## YOUR ASSIGNMENT
Output exactly, and only, the lines below from the one with "A sales manager" down to the one with "7 HLC.ME Blackout". Include both end lines and no pictures.

## RECORDS FOR THE EXERCISE
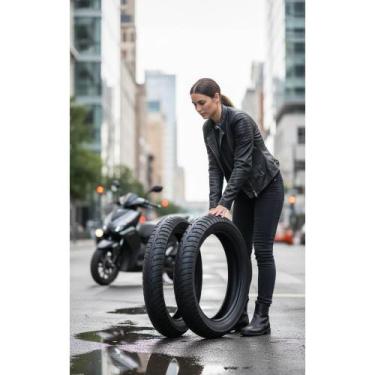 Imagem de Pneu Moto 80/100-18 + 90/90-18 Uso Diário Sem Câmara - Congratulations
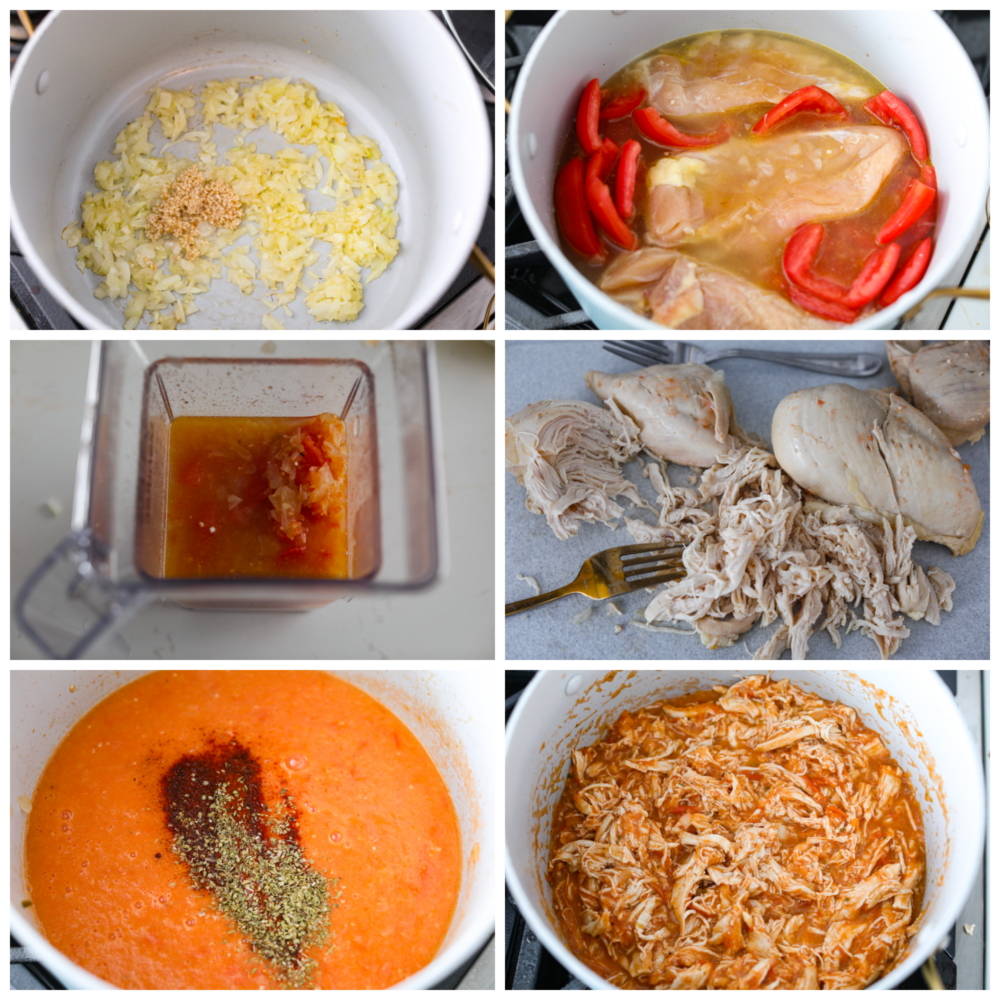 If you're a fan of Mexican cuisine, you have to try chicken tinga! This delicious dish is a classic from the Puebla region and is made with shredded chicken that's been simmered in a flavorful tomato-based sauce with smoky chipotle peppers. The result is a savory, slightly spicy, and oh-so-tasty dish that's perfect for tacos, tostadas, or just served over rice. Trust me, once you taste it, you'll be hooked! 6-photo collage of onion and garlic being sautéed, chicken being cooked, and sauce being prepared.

--

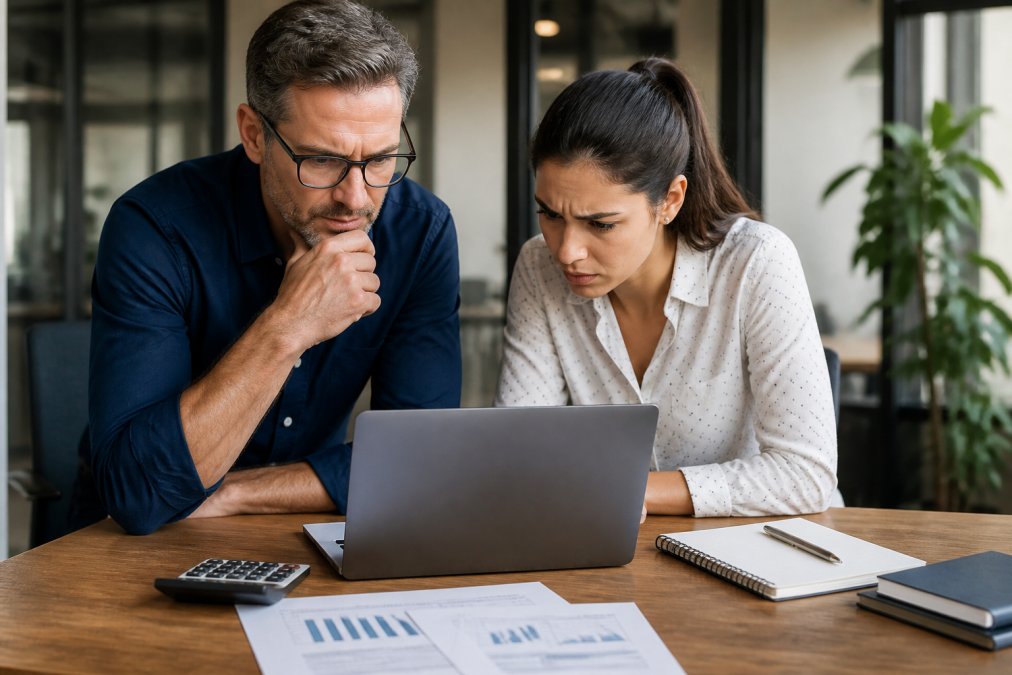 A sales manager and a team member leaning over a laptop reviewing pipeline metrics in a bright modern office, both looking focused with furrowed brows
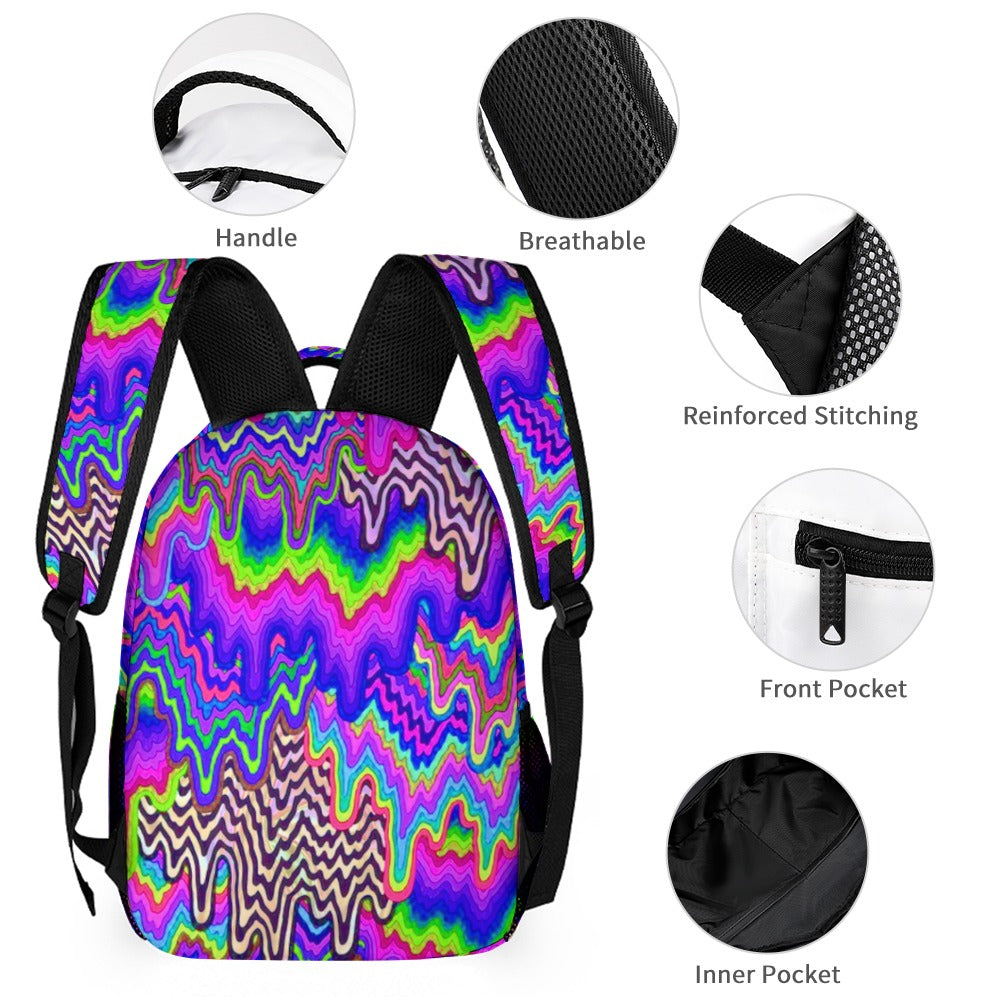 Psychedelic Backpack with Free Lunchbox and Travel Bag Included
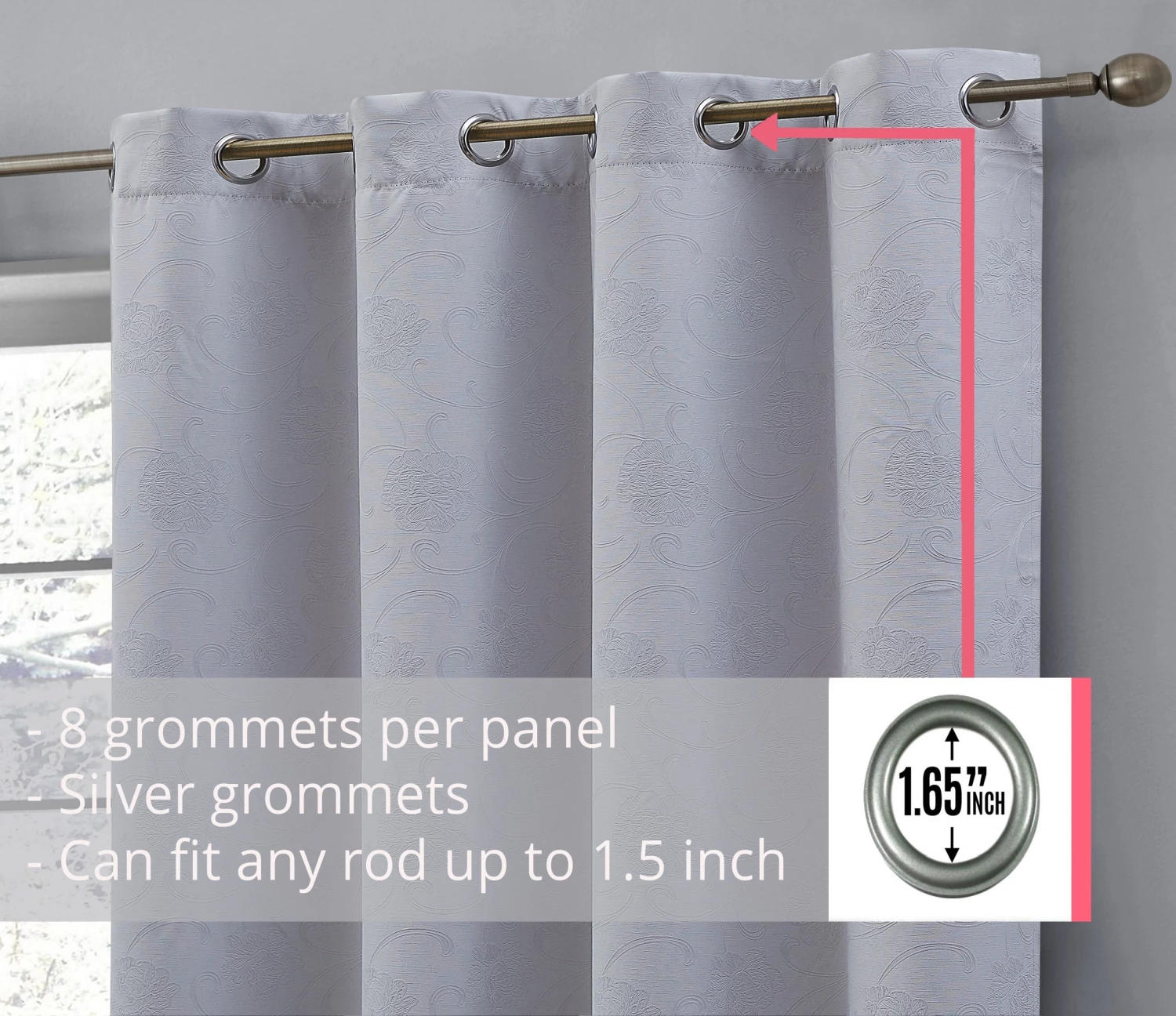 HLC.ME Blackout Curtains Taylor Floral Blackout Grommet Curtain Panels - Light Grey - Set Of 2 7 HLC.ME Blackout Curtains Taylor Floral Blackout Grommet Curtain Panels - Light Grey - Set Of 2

## FINISHED EXERCISE
 A sales manager and a team member leaning over a laptop reviewing pipeline metrics in a bright modern office, both looking focused with furrowed brows
 Psychedelic Backpack with Free Lunchbox and Travel Bag Included
 HLC.ME Blackout Curtains Taylor Floral Blackout Grommet Curtain Panels - Light Grey - Set Of 2 7 HLC.ME Blackout Curtains Taylor Floral Blackout Grommet Curtain Panels - Light Grey - Set Of 2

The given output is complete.